*PROBLEM DETAILS:* Omit the pictures, and output the rest of the entries exactly as written.

*PROVIDED ENTRIES:*
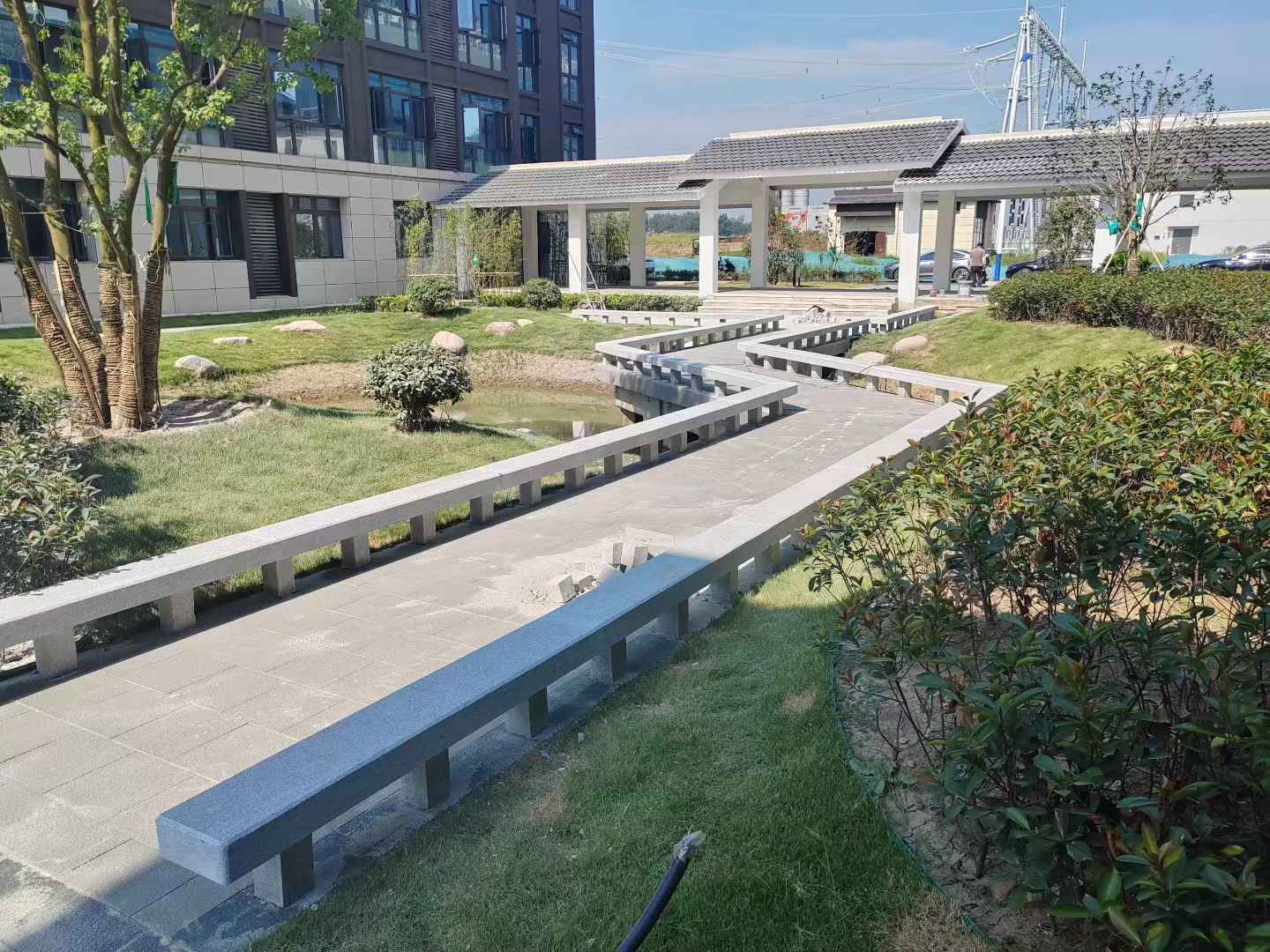 日喀则布 芝麻灰小区坐凳&栏杆安装效果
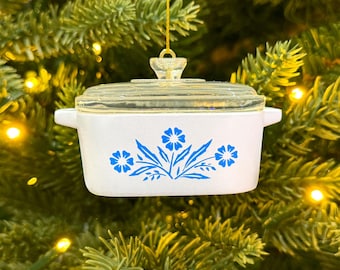 Cornflower Casserole Ornament – Corning Ware–Inspired Miniature Retro Dish for Collectors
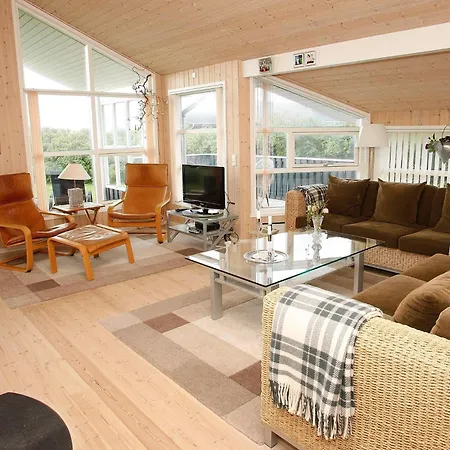 8 Person In Lokken-by Traum * Lokken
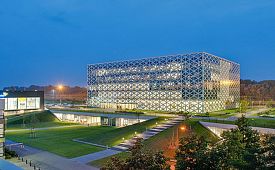 Gebouw X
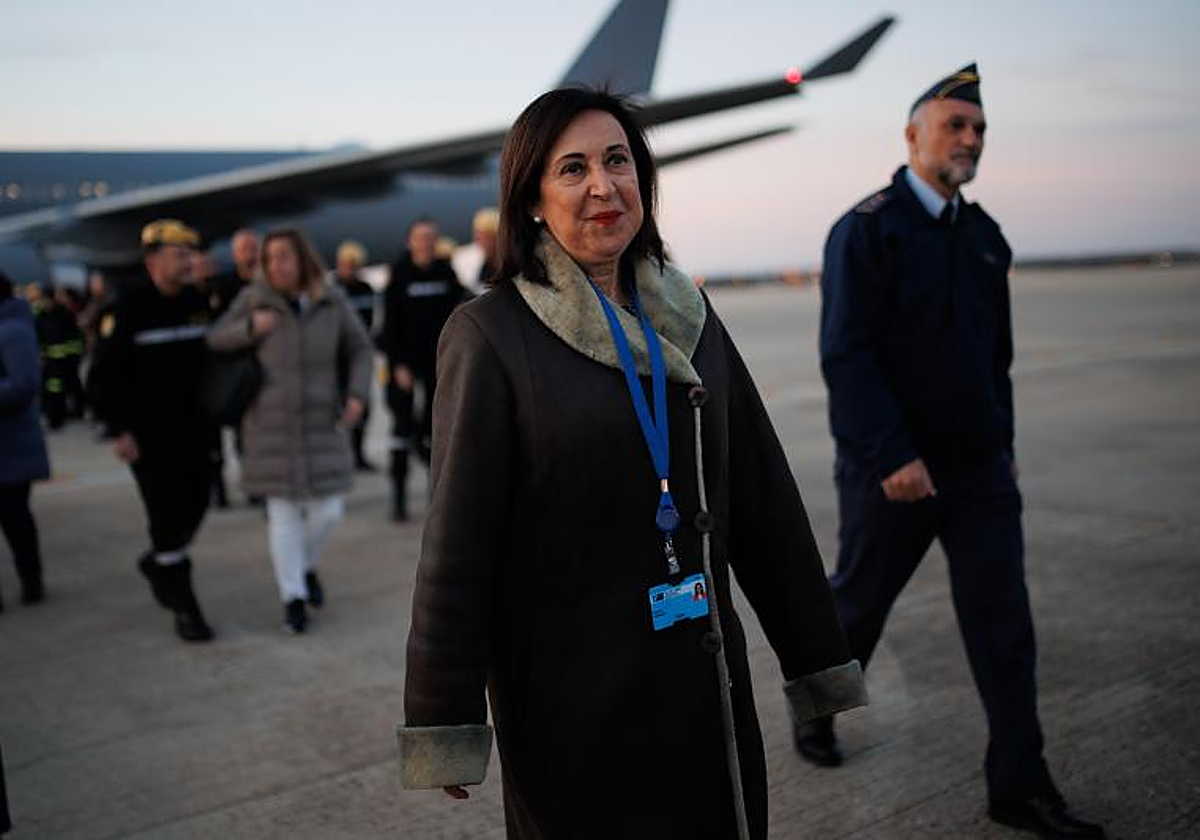 La ministra Margarita Robles recibe a su vuelta a los militares y bomberos desplazados a Turquía para las labores de rescate tras el terremoto de este mes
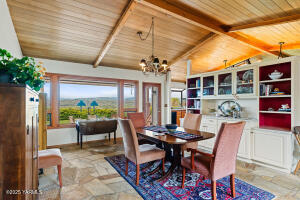 1081 Mapleway Rd Property Photo 7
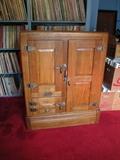 GORGEOUS VINTAGE OAK ICE BOX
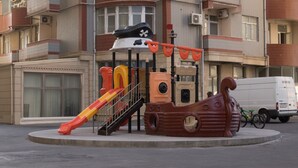 Un parque infantil con temática pirata, que incluye toboganes y estructuras para escalar.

*RESPONSE AREA:*
 日喀则布 芝麻灰小区坐凳&栏杆安装效果
 Cornflower Casserole Ornament – Corning Ware–Inspired Miniature Retro Dish for Collectors
 8 Person In Lokken-by Traum * Lokken
 Gebouw X
 La ministra Margarita Robles recibe a su vuelta a los militares y bomberos desplazados a Turquía para las labores de rescate tras el terremoto de este mes
 1081 Mapleway Rd Property Photo 7
 GORGEOUS VINTAGE OAK ICE BOX
 Un parque infantil con temática pirata, que incluye toboganes y estructuras para escalar.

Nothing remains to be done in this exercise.